8-K 1 d8k.htm FORM 8-K Form 8-K

UNITED STATES

SECURITIES AND EXCHANGE COMMISSION

Washington, D.C. 20549

 


 

Form 8-K

 


 

Current Report

 

Pursuant to Section 13 or 15(d) of the Securities Exchange Act of 1934

 

Date of Report (Date of earliest event reported): December 10, 2004

 


 

REMEC, INC.

(Exact name of registrant as specified in its charter)

 


 

1-16541

(Commission File Number)

 

California   95-3814301

(State or other jurisdiction

of incorporation)

 

(I.R.S. Employer

Identification No.)

 

3790 Via de la Valle, San Diego, CA 92014

(Address of principal executive offices, with zip code)

 

(858) 505-3713

(Registrant’s telephone number, including area code)

 

Not Applicable

(Former name or former address, if changed since last report)

 


 

Check the appropriate box below if the Form 8-K filing is intended to simultaneously satisfy the filing obligation of the registrant under any of the following provisions (see General Instruction A.2. below):

 

¨ Written communications pursuant to Rule 425 under the Securities Act (17 CFR 230.425)

 

¨ Soliciting material pursuant to Rule 14a-12 under the Exchange Act (17 CFR 240.14a-12)

 

¨ Pre-commencement communications pursuant to Rule 14d-2(b) under the Exchange Act (17 CFR 240.14d-2(b))

 

¨ Pre-commencement communications pursuant to Rule 13e-4(c) under the Exchange Act (17 CFR 240.13e-4(c))

 



Item 1.01 Entry into a Material Definitive Agreement.

 

On December 10, 2004, REMEC, Inc. (the ”Company”) entered into an employment agreement with Winston E. Hickman, the Executive Vice President and Chief Financial Officer of the Company (the “Employment Agreement”).

 

Under the Employment Agreement, Mr.

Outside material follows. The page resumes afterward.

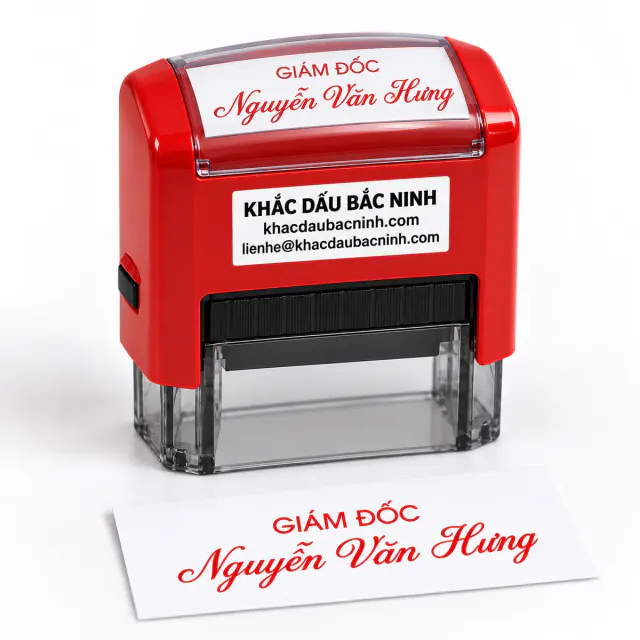 Dấu chức danh Giám đốc Nguyễn Văn Hưng Trodat 4912 màu đỏ, tem Khắc Dấu Bắc Ninh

Hickman is employed in his current position on an indefinite, at-will basis. The Employment Agreement provides that Mr. Hickman is entitled to receive the following benefits: an annual base salary of $335,000; an annual target bonus of 40% of his annual base salary provided Mr. Hickman achieves certain company-related objectives; a $1 million life insurance policy; six weeks of vacation per year; a $9,000 annual car allowance; a grant of 75,000 restricted stock units that vest 25% on December 10, 2004, 25% on February 1, 2005, 25% on February 1, 2006 and 25% on February 1, 2007, representing the right to receive shares of the Company’s common stock upon vesting, or, at Mr. Hickman’s election, at a later date chosen by Mr. Hickman; retention payments of $50,000, payable on April 1, 2005, and $75,000, payable on September 1, 2005; reimbursement for housing expenses in the San Diego, California area for a five month period, not to exceed $4,500 per month; and other employee benefits generally available to senior executive officers of the Company.

 

In addition to the benefits described above, upon any Involuntary Termination (as defined in the Employment Agreement) of Mr. Hickman, Mr. Hickman will be entitled to receive as severance benefits: (i) eighteen months of his then-current annualized base salary; (ii) continuation of certain health benefits and insurance plans for a period of thirty months; and (iii) a one year acceleration of vesting of all of his outstanding options, restricted stock units (other than certain units specified in the Employment Agreement) and other forms of equity compensation previously granted to Mr. Hickman. The Employment Agreement additionally provides that in the event Mr. Hickman’s employment with the Company is terminated during the six months before or twelve months after a Change of Control (as defined in the Employment Agreement), he will be entitled to receive: (a) the immediate vesting and ability to exercise all of his unvested options, restricted stock units and other forms of equity compensation granted to Mr. Hickman by the Company prior to the Change of Control; (b) twenty-four months of his then current annualized base salary; (c) two times his then current annual target bonus calculated at the 100% achievement level; and (d) continuation of certain health benefits and insurance plans for a period of thirty months and thereafter participation in COBRA for eighteen months.

 

In order to receive the severance payments and benefits described above, Mr. Hickman has agreed to release the Company from, among other things, any and all claims or any liability for severance benefits except as set forth in the Employment Agreement. The Employment Agreement also provides that Mr. Hickman is subject to certain non-competition, non-solicitation and confidentiality provisions.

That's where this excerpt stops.